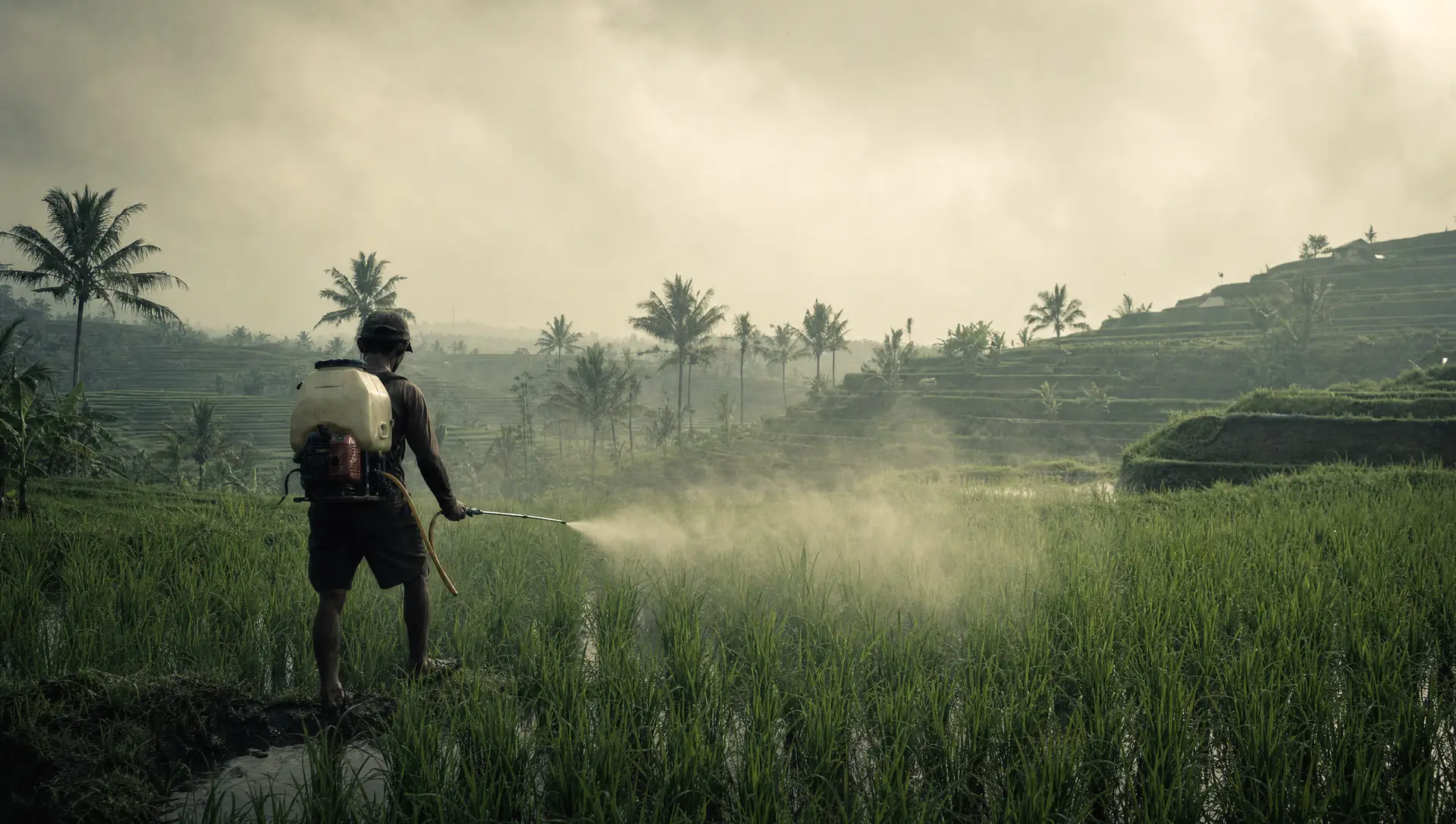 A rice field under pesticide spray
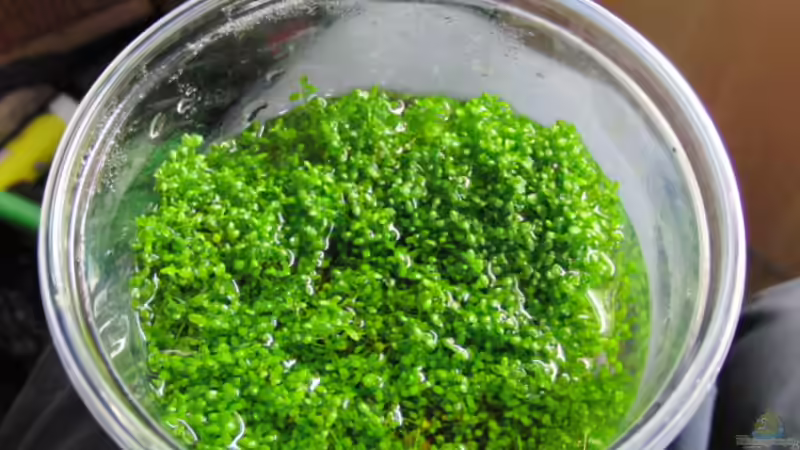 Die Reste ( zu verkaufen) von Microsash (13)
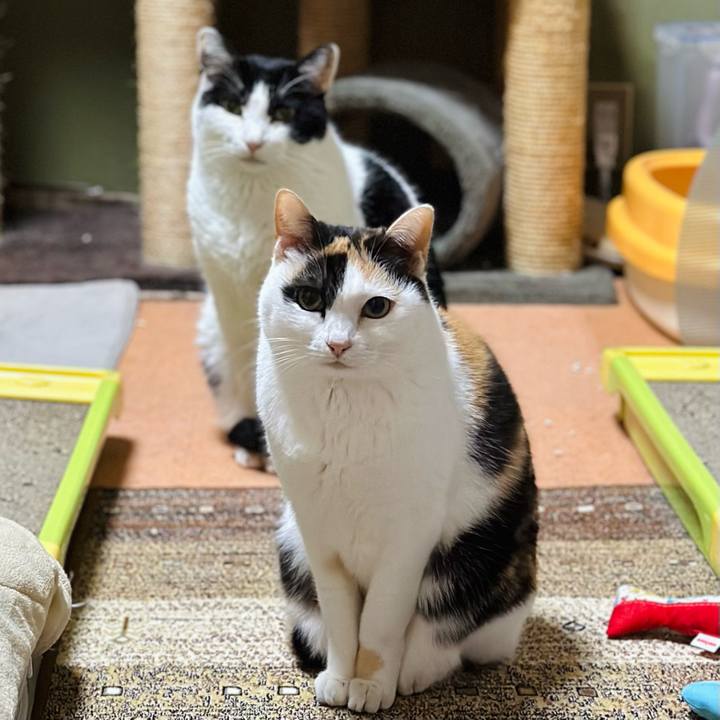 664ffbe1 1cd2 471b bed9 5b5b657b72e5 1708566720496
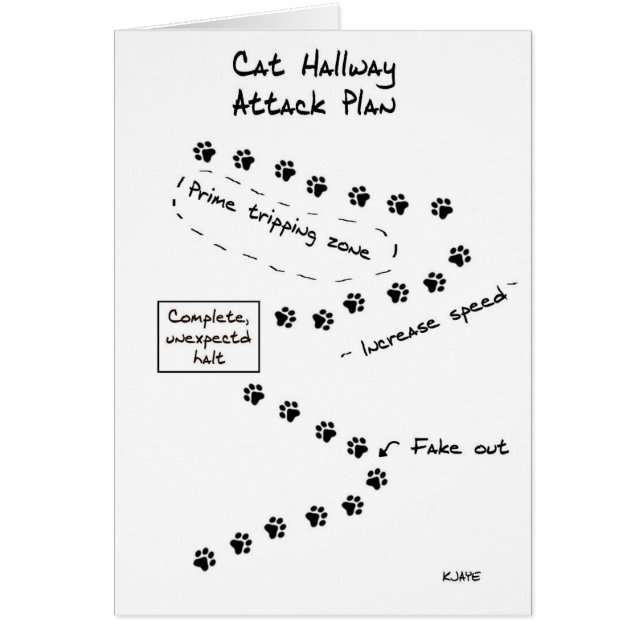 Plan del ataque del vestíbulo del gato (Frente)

**Task prompt**.
Before writing out the material above, please remove its pictures; everything else stays exact.

**Result of the task**.
 A rice field under pesticide spray
 Die Reste ( zu verkaufen) von Microsash (13)
 664ffbe1 1cd2 471b bed9 5b5b657b72e5 1708566720496
 Plan del ataque del vestíbulo del gato (Frente)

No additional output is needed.